[Problem to work on] In the listing below, start your output at the line with "Sergio Ramos y" and end it after the line with "Trio Lighting Lampă", copying every line exactly.

= = =

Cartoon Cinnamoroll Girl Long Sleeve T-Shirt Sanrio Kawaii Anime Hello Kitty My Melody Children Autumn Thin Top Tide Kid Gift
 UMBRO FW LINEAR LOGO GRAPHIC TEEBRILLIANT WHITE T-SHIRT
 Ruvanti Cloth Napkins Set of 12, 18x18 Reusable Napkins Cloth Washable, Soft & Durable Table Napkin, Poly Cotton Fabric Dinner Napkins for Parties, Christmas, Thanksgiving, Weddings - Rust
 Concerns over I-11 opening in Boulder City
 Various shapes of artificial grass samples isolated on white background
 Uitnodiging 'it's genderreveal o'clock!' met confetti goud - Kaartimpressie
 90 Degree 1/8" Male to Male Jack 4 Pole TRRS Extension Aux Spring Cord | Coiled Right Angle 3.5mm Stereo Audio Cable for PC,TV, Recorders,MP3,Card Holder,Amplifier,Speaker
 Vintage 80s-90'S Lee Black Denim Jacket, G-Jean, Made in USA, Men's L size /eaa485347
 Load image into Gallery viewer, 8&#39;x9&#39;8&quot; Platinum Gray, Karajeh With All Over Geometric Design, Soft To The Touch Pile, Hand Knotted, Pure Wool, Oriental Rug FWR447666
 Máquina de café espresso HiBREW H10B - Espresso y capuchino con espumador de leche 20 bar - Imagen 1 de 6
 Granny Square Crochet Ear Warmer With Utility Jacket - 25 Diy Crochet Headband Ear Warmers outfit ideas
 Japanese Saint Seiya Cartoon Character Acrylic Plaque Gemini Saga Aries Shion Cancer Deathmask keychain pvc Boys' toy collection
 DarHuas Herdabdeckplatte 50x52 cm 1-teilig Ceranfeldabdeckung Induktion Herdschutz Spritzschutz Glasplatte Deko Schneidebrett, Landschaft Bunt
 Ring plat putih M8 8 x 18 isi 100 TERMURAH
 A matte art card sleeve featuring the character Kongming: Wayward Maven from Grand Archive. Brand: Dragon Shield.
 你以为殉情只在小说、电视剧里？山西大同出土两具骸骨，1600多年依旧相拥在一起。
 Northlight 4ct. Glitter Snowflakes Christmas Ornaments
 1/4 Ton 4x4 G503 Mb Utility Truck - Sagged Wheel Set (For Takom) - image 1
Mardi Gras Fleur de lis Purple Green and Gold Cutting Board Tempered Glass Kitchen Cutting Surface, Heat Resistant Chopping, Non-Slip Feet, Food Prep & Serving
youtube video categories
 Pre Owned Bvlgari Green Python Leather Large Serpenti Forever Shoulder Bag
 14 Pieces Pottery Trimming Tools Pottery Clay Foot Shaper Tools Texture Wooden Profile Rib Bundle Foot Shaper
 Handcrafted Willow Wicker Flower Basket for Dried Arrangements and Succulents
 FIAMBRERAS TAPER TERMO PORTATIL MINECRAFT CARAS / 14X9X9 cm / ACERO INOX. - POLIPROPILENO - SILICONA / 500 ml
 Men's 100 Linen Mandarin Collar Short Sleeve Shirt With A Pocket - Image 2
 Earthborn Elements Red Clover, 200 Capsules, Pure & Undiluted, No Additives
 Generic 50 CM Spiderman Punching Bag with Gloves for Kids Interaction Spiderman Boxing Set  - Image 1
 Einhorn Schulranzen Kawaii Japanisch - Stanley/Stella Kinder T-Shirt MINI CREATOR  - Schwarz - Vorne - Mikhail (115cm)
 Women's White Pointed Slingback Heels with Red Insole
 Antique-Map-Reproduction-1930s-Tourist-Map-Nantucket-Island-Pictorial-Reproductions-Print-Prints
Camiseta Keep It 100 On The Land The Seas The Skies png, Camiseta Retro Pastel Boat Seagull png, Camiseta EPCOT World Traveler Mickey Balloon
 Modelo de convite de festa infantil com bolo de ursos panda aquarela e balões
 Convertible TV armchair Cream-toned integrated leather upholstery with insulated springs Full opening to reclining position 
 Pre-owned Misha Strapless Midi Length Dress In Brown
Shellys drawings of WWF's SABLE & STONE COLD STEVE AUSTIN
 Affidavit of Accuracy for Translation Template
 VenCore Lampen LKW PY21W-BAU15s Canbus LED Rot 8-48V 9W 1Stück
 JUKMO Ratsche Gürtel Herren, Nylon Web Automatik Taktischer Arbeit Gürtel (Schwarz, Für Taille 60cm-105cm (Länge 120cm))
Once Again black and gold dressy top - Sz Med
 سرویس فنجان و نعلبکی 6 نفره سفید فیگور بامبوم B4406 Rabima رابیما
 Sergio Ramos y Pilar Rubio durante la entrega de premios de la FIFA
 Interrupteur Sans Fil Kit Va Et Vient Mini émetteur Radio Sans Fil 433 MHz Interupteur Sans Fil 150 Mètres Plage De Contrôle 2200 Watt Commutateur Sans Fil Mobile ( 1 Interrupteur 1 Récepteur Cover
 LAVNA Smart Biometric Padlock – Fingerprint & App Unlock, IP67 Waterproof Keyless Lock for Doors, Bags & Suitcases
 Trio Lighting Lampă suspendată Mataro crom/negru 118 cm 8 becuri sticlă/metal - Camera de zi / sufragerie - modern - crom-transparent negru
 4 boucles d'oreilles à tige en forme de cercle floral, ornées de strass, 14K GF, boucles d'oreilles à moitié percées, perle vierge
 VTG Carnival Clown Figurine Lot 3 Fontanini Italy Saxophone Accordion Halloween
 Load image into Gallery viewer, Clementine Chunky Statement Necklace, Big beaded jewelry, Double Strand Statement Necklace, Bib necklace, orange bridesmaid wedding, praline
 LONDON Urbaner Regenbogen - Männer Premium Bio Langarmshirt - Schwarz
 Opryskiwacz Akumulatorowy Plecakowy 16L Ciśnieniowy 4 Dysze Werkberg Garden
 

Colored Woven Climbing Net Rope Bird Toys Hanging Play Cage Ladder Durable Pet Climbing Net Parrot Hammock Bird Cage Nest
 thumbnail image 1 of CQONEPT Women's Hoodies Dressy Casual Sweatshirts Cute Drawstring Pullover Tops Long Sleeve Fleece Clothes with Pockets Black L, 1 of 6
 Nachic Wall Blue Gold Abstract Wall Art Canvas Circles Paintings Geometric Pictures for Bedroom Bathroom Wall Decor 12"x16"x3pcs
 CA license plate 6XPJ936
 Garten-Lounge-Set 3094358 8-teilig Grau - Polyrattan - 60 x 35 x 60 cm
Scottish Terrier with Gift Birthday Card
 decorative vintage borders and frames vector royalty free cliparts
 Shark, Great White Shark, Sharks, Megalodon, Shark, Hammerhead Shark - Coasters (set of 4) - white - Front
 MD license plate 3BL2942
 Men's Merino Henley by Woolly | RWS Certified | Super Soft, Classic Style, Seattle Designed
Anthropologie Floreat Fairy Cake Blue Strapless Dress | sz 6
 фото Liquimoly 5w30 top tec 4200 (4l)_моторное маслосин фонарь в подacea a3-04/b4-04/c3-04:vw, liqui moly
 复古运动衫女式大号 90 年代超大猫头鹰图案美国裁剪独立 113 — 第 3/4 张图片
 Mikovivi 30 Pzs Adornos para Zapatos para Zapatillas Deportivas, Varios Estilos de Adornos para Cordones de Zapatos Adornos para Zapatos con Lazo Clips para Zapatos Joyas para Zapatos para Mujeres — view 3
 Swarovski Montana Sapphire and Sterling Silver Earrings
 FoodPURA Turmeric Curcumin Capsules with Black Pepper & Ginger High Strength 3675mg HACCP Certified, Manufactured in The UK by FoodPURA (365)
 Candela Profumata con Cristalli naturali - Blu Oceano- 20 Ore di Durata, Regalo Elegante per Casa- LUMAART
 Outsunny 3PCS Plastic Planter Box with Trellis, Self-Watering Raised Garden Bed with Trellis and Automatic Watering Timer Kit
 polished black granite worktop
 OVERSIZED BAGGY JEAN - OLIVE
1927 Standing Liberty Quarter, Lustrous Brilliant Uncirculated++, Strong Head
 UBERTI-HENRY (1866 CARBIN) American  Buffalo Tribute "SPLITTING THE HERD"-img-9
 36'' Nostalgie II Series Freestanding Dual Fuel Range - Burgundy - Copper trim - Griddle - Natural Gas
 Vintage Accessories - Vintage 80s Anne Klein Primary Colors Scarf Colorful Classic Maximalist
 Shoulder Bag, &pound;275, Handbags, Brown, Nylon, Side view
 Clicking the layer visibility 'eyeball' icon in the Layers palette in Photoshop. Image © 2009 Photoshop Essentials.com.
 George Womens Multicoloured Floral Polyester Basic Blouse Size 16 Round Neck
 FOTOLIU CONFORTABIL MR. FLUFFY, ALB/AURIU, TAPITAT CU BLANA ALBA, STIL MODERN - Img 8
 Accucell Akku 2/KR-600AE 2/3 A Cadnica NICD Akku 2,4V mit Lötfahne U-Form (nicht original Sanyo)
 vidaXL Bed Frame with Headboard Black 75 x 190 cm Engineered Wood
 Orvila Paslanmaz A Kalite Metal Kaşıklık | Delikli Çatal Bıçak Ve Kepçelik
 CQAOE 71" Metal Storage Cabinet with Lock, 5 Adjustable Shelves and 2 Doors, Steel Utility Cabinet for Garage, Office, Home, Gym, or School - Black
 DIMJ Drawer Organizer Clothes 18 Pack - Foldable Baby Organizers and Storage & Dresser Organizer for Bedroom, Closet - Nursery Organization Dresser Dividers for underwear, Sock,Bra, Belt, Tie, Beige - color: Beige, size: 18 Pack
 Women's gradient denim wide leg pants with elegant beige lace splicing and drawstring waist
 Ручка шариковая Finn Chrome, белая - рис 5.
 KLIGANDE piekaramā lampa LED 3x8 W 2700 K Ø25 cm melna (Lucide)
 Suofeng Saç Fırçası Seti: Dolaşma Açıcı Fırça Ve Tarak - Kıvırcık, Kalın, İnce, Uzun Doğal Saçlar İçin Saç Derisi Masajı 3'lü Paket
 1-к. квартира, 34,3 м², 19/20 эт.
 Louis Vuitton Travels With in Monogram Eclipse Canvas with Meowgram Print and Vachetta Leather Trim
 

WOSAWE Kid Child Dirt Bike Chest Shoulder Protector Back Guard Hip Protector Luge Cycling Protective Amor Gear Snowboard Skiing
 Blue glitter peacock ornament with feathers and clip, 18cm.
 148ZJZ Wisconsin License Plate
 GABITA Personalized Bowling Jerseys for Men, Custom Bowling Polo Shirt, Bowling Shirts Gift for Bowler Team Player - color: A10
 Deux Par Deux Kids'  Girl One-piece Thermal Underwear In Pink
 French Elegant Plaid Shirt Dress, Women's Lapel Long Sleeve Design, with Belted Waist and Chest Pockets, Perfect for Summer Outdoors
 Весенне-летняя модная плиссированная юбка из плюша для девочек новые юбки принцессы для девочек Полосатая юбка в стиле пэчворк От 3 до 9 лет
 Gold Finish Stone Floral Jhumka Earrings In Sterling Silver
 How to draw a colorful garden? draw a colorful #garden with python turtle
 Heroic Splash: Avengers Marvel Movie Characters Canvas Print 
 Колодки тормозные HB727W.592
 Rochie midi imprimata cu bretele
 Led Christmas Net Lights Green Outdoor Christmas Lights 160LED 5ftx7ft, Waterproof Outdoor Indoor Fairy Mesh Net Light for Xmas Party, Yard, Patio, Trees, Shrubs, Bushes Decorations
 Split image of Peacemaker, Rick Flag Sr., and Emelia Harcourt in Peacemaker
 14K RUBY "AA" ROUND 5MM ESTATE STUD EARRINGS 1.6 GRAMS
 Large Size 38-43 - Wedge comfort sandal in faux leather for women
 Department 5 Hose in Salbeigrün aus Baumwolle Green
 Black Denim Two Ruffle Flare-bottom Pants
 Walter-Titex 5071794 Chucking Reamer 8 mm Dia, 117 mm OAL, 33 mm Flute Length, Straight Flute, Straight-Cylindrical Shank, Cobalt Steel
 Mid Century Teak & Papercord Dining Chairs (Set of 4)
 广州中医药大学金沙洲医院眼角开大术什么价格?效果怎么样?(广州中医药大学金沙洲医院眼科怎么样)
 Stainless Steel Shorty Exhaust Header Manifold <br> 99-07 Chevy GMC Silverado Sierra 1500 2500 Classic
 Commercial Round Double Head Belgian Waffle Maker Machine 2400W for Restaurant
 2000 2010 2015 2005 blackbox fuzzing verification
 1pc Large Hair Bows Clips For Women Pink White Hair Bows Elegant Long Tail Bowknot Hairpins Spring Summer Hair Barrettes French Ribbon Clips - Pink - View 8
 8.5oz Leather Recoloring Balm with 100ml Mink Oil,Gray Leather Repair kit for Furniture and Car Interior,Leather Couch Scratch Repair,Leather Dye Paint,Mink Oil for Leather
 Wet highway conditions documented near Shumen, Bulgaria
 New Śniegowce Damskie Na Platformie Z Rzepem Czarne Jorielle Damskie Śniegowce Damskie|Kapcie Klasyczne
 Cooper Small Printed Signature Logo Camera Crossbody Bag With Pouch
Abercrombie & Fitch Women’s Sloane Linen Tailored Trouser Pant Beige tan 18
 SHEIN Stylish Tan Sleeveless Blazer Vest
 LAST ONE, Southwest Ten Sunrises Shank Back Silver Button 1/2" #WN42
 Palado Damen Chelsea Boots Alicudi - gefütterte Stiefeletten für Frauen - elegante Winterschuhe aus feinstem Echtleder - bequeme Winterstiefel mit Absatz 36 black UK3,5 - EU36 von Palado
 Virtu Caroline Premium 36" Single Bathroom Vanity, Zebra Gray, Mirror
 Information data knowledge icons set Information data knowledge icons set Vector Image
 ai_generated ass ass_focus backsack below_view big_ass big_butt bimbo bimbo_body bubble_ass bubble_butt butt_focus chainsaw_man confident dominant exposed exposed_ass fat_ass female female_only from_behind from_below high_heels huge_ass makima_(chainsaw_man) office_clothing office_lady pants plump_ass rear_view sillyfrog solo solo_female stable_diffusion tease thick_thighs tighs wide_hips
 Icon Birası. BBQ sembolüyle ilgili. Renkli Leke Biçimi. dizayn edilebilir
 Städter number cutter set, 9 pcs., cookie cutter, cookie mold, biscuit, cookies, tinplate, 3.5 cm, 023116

= = =

[Solution]
 Sergio Ramos y Pilar Rubio durante la entrega de premios de la FIFA
 Interrupteur Sans Fil Kit Va Et Vient Mini émetteur Radio Sans Fil 433 MHz Interupteur Sans Fil 150 Mètres Plage De Contrôle 2200 Watt Commutateur Sans Fil Mobile ( 1 Interrupteur 1 Récepteur Cover
 LAVNA Smart Biometric Padlock – Fingerprint & App Unlock, IP67 Waterproof Keyless Lock for Doors, Bags & Suitcases
 Trio Lighting Lampă suspendată Mataro crom/negru 118 cm 8 becuri sticlă/metal - Camera de zi / sufragerie - modern - crom-transparent negru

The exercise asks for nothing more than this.